Woon: My name is Woon, I’m the co-founder and CTO of Clumio. And today I have Andrew Jackson from Atlassian.

Andrew: Thank you Woon. Hi, everyone. My name is Andrew. I’m a Senior Engineer at Atlassian, and I spend my days working with teams to solve problems surrounding data. With my most recent focus being disaster recovery. It’s an absolute pleasure to be here today to talk a little bit about our successful collaboration with Clumio, and how their game changing approach to cloud data backup and recovery has been instrumental in tackling some of our biggest data resiliency challenges.

 

Andrew: I’m going to quickly run through the agenda for today’s session.

  • I’m going to provide some context about Atlassian and what we’re all about, and details like a high level walk through of our architecture.
  • Then I’ll touch through one of the most complex problems in this line of work, data resiliency.
  • I’ll provide some of the complexities and challenges associated with the space.
  • Then I’ll pass it over to Woon who will delve deeper into the efforts required to provide a highly performant and highly scalable S3 backup solution.
  • And then we’ll come together, talk a little bit more about the implementation at Atlassian specifically, as well as the benefits achieved.

 

Andrew: So what is Atlassian? At its core, it’s a company that drives innovation and collaboration, with the mission being simple yet powerful, to unleash the potential of every team. And Atlassian helps facilitate this by providing software that you probably use already in your day-to-day work. Some of you may have already used JIRA for project management capabilities, Confluence for extensive content collaboration, Bitbucket for source code management, or even Trello to organize tasks in a fun and flexible way. Those are just four of a variety of different products we provide.

 


Andrew: But in line with the mission, it’s not necessarily about the range of the products, but more about how they’re used.

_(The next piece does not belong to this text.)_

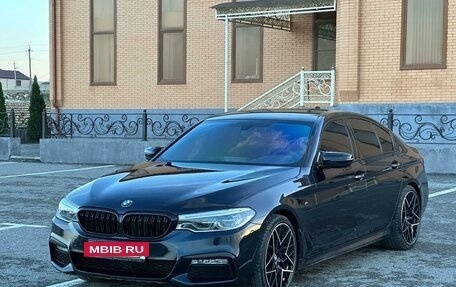 BMW 5 серия, 2018 год, 4 800 000 рублей, 2 фотография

And since being founded in 2002, Atlassian has amassed over 260,000 customers worldwide with some of the biggest names in various industries. What that really means is that whether you’re coming from a small startup or a large enterprise, these tools have been available to help streamline processes, enhance productivity, and foster innovation.

But with 260,000 customers, the amount of data that we have to process daily is vast, not just vast in terms of the volume of data, but also because of the requirements and compliance standards associated with that data. So I’m going to quickly walk through the high-level architecture to give you some ideas about how we operate.


Andrew: At its core, Atlassian is powered by a variety of different AWS services, including compute, data, network, and storage-related services. These services underpin Atlassian’s own internal platforms and services that in turn provide capabilities for our products. And these product capabilities include things such as the JIRA issue service, or Confluence analytics. You’ve got things like the editor in Confluence, as well as media identity and commerce for anyone familiar with those aspects.

Typically an Atlassian product consists of multiple containerized services that have been deployed on AWS using our in-house provisioning layout micros, which effectively orchestrates our AWS deployments. And these services contain a variety of different features from request handling, transactional user generated content, authentication management, data lakes, observability and even analytical services. And with all these different services powering the Atlassian ecosystem, we need to have extremely strong foundations, which in this environment is our data source.

 


Andrew: For that purpose today, I’ll focus on S3, because S3 in itself is probably the largest data store we’ve got due to the vast variety of data that has to be received and processed daily. Now, with such a significant architecture comes equally tricky challenges. First off, in an era when data is vital, it actually becomes an increasingly complex task to handle the amount of data that we’ve got, as more unique ways to view and transform data actually occur every day. And that means it becomes harder to guarantee our requirements are satisfied.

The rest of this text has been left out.